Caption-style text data
____________

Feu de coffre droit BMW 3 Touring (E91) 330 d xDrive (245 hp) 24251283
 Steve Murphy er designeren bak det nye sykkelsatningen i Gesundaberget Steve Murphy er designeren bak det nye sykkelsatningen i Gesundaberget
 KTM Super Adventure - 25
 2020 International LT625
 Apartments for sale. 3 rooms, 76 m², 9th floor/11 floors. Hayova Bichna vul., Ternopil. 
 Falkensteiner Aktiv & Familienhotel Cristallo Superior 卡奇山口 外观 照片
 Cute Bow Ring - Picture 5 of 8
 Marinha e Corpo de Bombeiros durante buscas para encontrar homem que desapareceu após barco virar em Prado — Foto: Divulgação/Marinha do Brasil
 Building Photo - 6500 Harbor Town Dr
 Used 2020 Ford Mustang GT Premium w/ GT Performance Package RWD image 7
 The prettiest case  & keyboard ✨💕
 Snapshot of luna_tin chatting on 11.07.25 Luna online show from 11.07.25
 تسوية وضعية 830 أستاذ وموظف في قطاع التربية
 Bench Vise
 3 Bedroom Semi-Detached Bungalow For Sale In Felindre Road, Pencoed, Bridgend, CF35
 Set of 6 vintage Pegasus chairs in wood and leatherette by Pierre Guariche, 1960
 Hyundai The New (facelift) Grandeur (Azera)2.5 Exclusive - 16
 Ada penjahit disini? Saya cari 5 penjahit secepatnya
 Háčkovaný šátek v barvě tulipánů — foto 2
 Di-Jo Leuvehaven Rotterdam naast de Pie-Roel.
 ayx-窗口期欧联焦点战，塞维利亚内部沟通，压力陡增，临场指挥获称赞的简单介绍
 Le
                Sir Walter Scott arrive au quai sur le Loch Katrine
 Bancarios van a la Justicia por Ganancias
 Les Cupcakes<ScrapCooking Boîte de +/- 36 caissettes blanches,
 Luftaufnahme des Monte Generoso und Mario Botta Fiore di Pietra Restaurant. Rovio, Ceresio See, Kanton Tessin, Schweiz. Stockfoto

____________

Copy exactly the lines above, starting at the opening line and finishing at the line in which "Marinha e Corpo" occurs.

## RESPONSE
Feu de coffre droit BMW 3 Touring (E91) 330 d xDrive (245 hp) 24251283
 Steve Murphy er designeren bak det nye sykkelsatningen i Gesundaberget Steve Murphy er designeren bak det nye sykkelsatningen i Gesundaberget
 KTM Super Adventure - 25
 2020 International LT625
 Apartments for sale. 3 rooms, 76 m², 9th floor/11 floors. Hayova Bichna vul., Ternopil. 
 Falkensteiner Aktiv & Familienhotel Cristallo Superior 卡奇山口 外观 照片
 Cute Bow Ring - Picture 5 of 8
 Marinha e Corpo de Bombeiros durante buscas para encontrar homem que desapareceu após barco virar em Prado — Foto: Divulgação/Marinha do Brasil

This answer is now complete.